Supplied data:
== Segment start ==
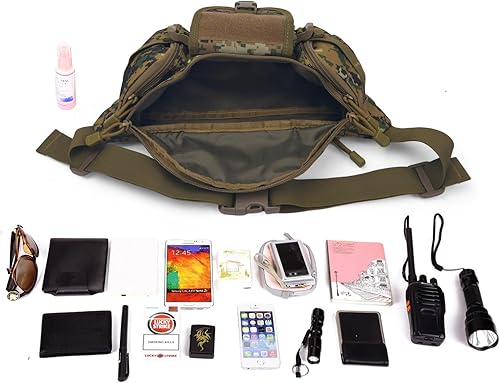 Miniatura 53 de ArcEnCiel resistente al agua Táctico Cinturón de cadera Cintura Pack Bolsa Fanny Militar Packs Bolsa para senderismo escalada al aire libre Bumbag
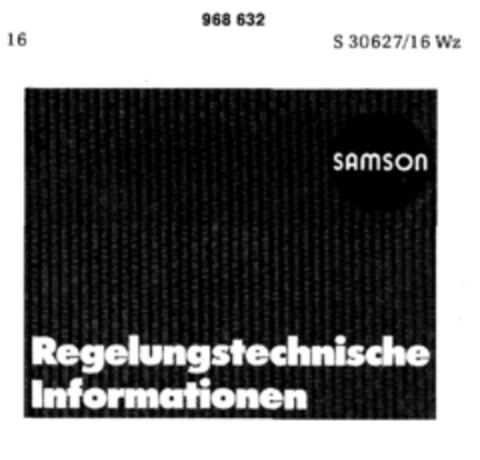 SAMSON Regelungstechnische Informationen Logo (DPMA, 01/28/1977)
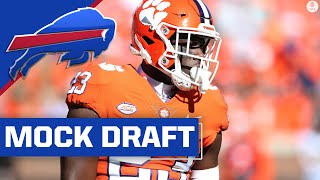 2022 NFL Mock Draft Bills draft ALL ACC first team CB at No 25  CBS Sports HQ [upl. by Ahsined]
== Segment end ==
Assignment: Print the material again word for word. Please drop every picture.

Final answer:
 Miniatura 53 de ArcEnCiel resistente al agua Táctico Cinturón de cadera Cintura Pack Bolsa Fanny Militar Packs Bolsa para senderismo escalada al aire libre Bumbag
 SAMSON Regelungstechnische Informationen Logo (DPMA, 01/28/1977)
 2022 NFL Mock Draft Bills draft ALL ACC first team CB at No 25  CBS Sports HQ [upl. by Ahsined]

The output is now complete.